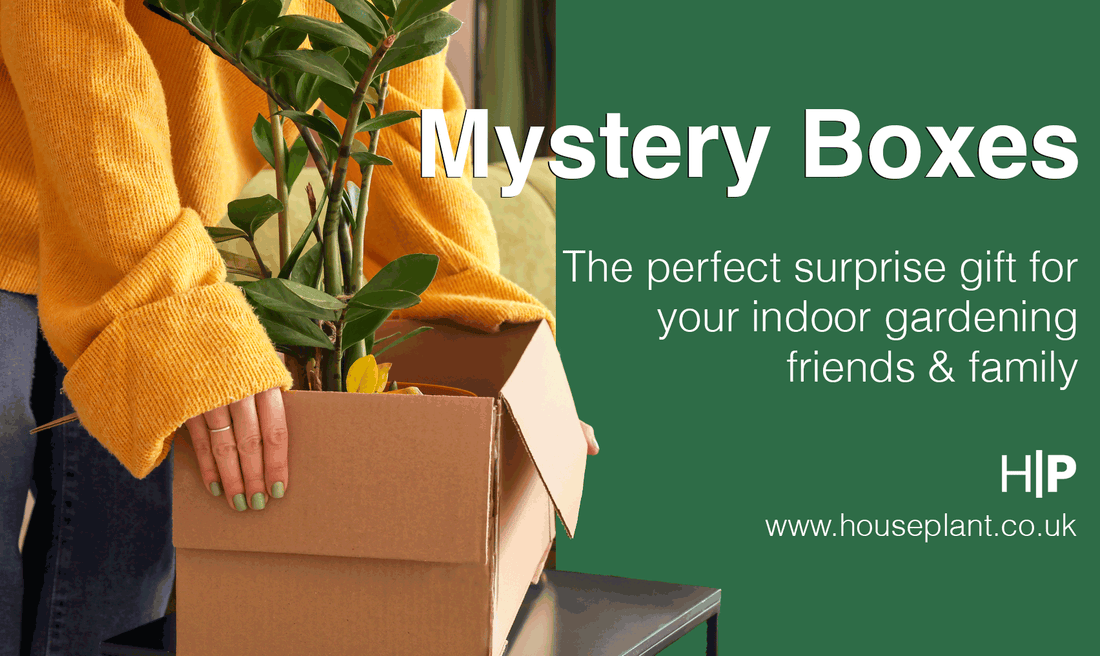 The perfect surprise gift for your indoor gardening friends - a houseplant mystery box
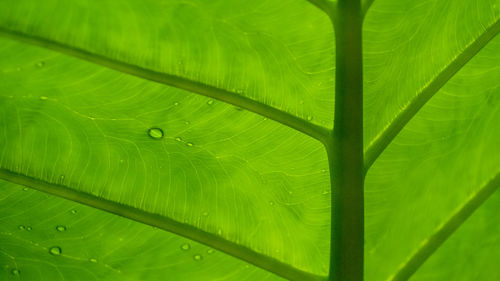 Close-up of raindrops on green leaves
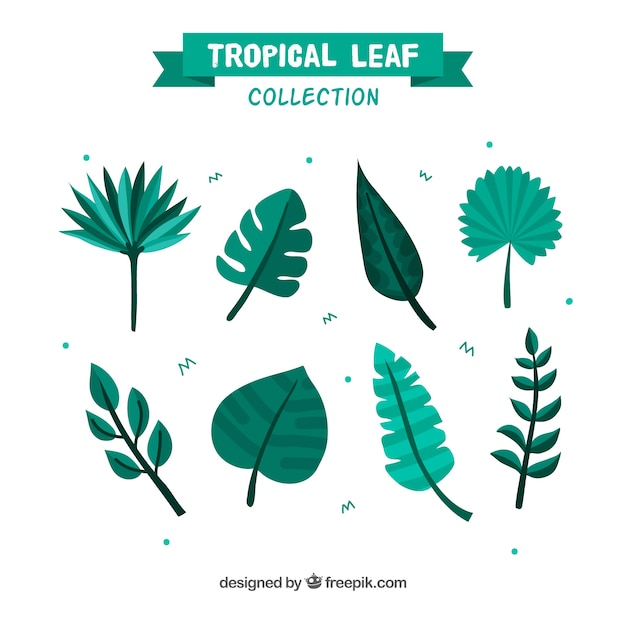 Lovely tropical leaf collection with flat design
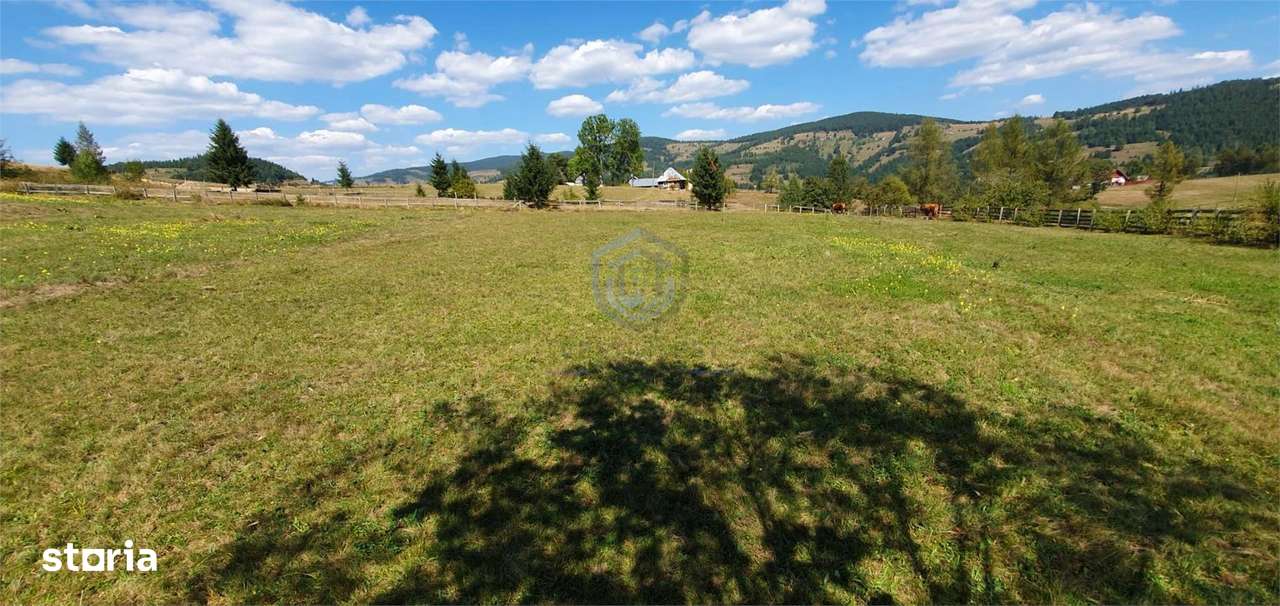 Teren 7000mp Arieseni - Imagine principală: 2/4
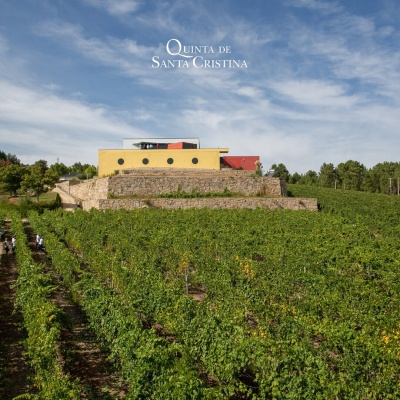 Vinha verde e edifício amarelo e vermelho sob céu azul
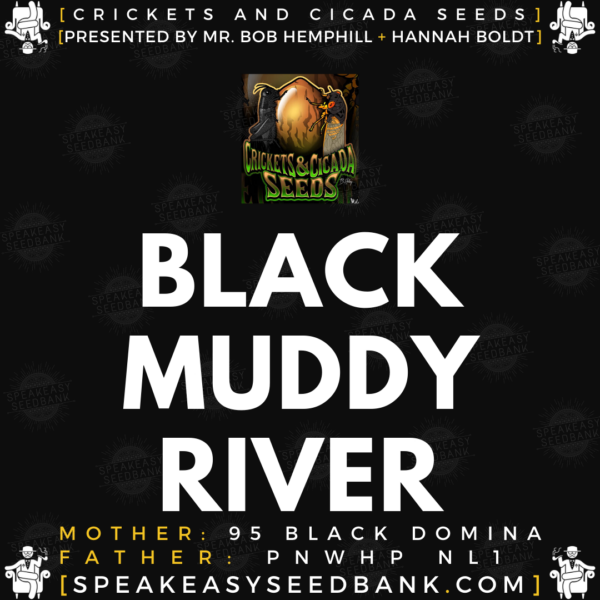 Speakeasy presents Black Muddy River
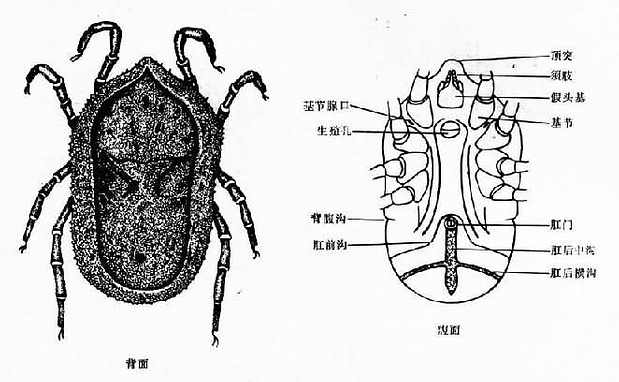 软蜱（乳突钝缘蜱）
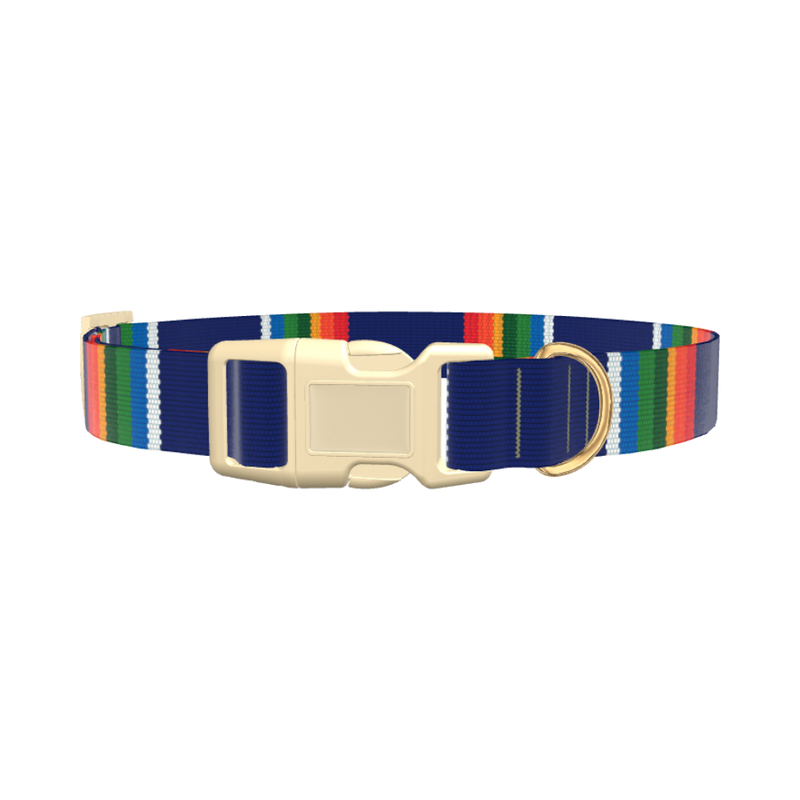 Woven Rainbow Stripe Dog Collar - plastic silver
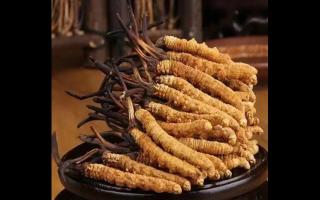 冬蟲夏草的植物形態和生長環境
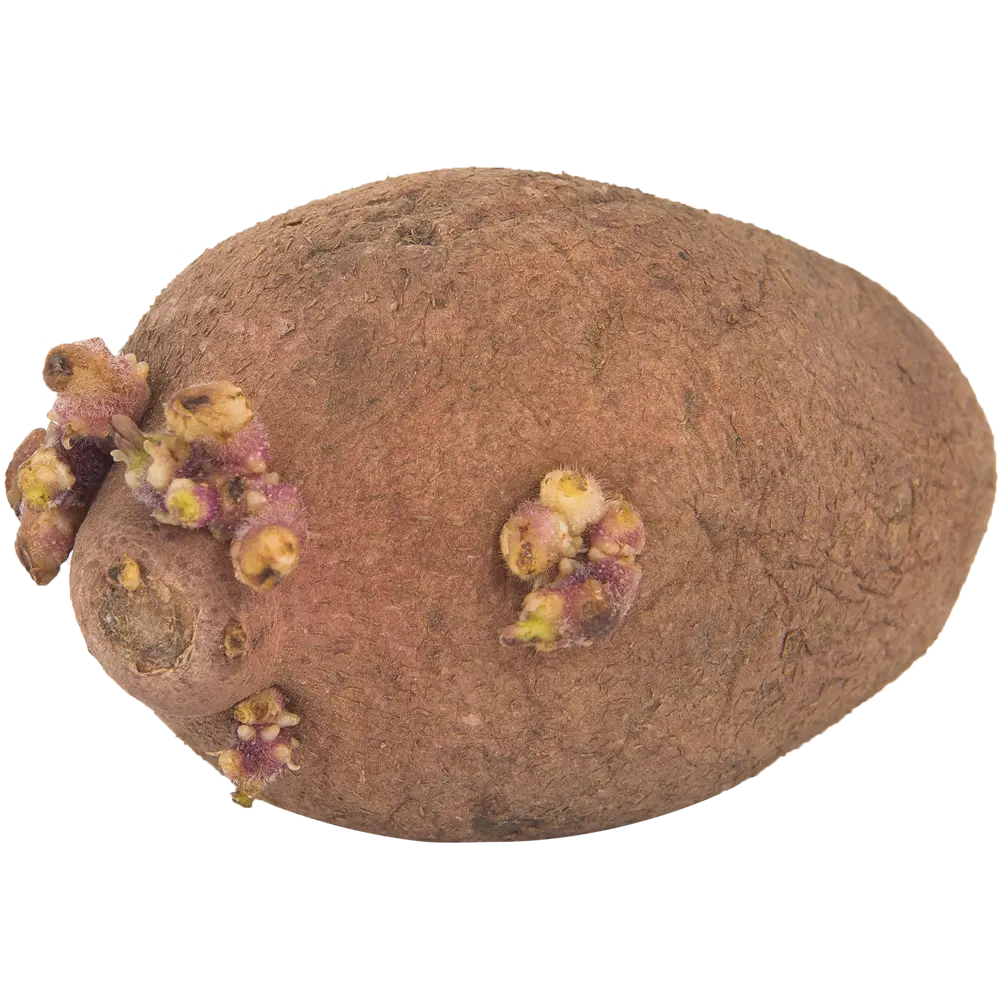 Картофель семенной «Манифест Суперэлита», 2 кг Santreyd STLM-2035027 - Вид №2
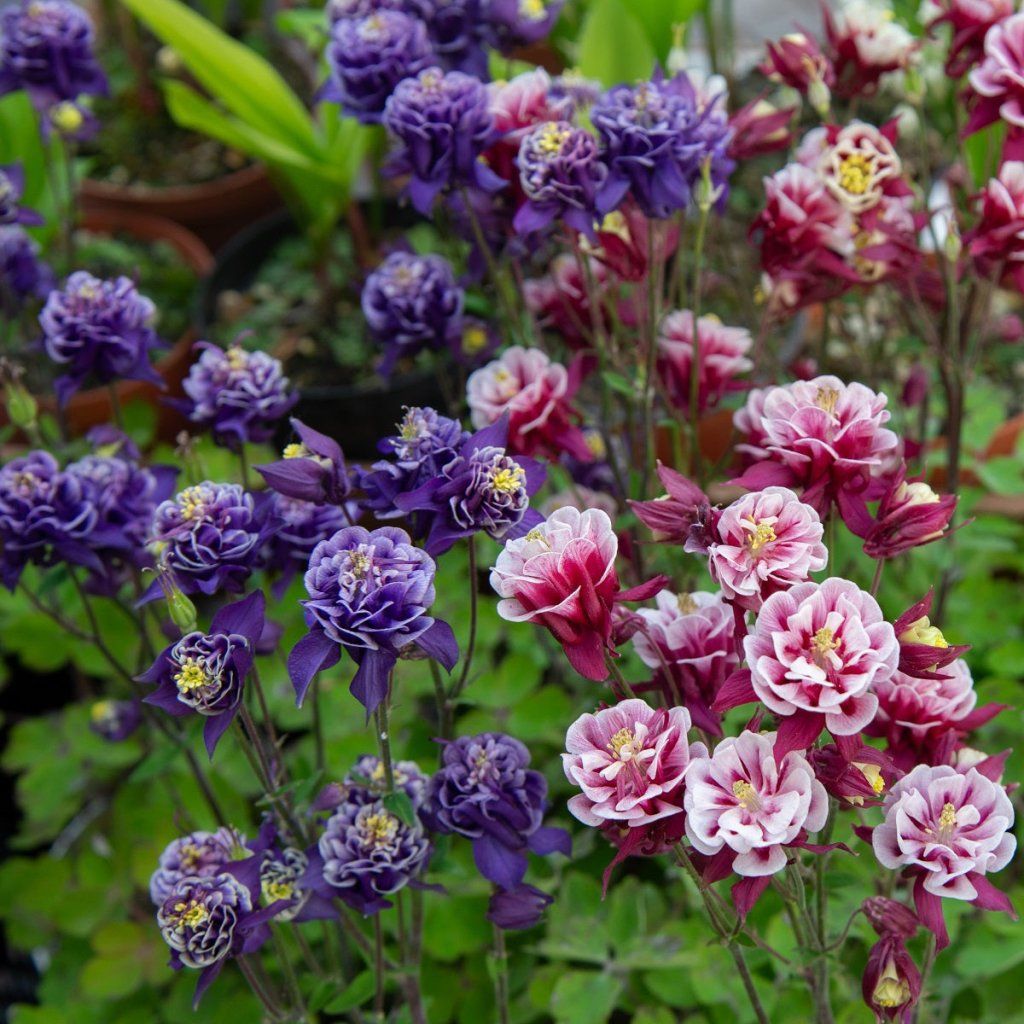 Aquilegia - Double Flowered Mix seeds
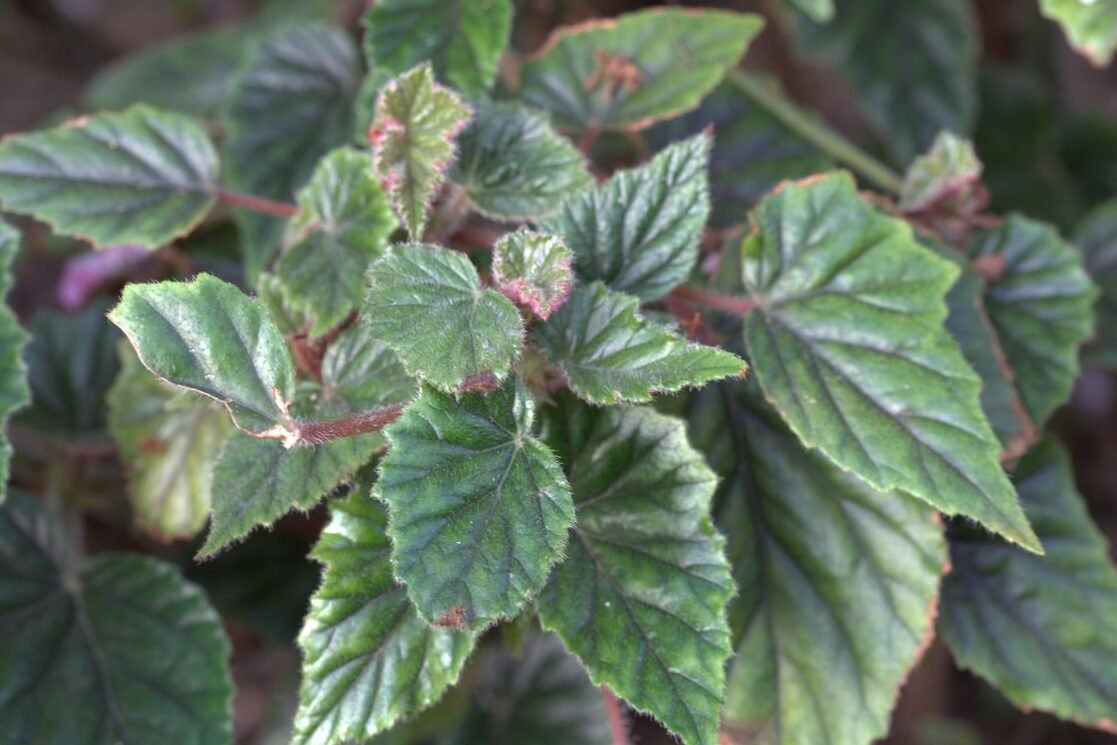 Begonia Incarnata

THE TASK
Repeat the records in full, exactly as they appear, but with the pictures removed.

SOLUTION FOR THIS TASK
 The perfect surprise gift for your indoor gardening friends - a houseplant mystery box
 Close-up of raindrops on green leaves
 Lovely tropical leaf collection with flat design
 Teren 7000mp Arieseni - Imagine principală: 2/4
 Vinha verde e edifício amarelo e vermelho sob céu azul
 Speakeasy presents Black Muddy River
 软蜱（乳突钝缘蜱）
 Woven Rainbow Stripe Dog Collar - plastic silver
 冬蟲夏草的植物形態和生長環境
 Картофель семенной «Манифест Суперэлита», 2 кг Santreyd STLM-2035027 - Вид №2
 Aquilegia - Double Flowered Mix seeds
 Begonia Incarnata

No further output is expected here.